Faust, Part 1 by Johann Wolfgang von Goethe (1808)


Okay, Faust is pretty good. I read the translation by Peter Salm.

My favorite bit is that Mephistopheles, the devil, first appears in the flesh as… get this, a demonic poodle. Yes. Poodle. Demonic poodle. Major points to Goethe.

My biggest annoyance is how unsatisfying the end of the first part is, because I was totally not planning to track down a copy of a good translation of part 2. And after reading a synopsis of that (I know, I’m a sinner) I’m not sure I want to read it.

I’m not sure I can even talk about this without being all spoilery, so if that’s a problem, stop reading. Okay. Okay?
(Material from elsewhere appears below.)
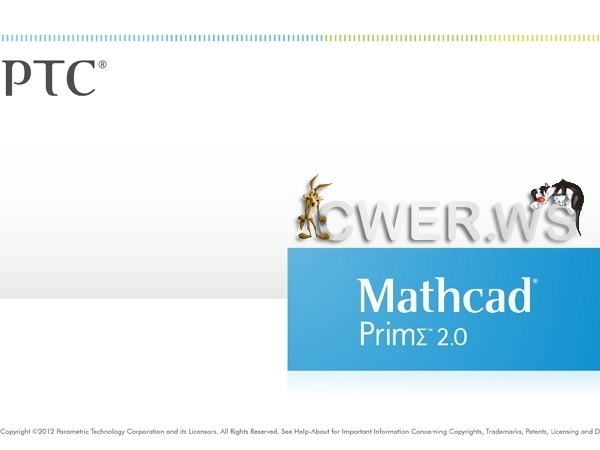 MathCAD Prime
We start with a scene like the one in Job. The devil is talking to God, and says, “Oh, I see you’ve got this servant, God, but I bet I can corrupt him.” “Oh yeah? Go ahead and try then.”

That’s Faust. He’s a scholar. He’s decided that knowledge isn’t worth seeking because it’s all useless. And then Mephistopheles comes along and says, “Hi, Faust. I see you’re unhappy. I’m the devil. I can make you happy.”

And Faust says, “Yeah, right. But… you’re welcome to try.”

So among other things, the devil gives Faust a potion that restores his youth, including his, um, libido. And then a pretty girl walks by. BOOM. I MUST HAVE HER.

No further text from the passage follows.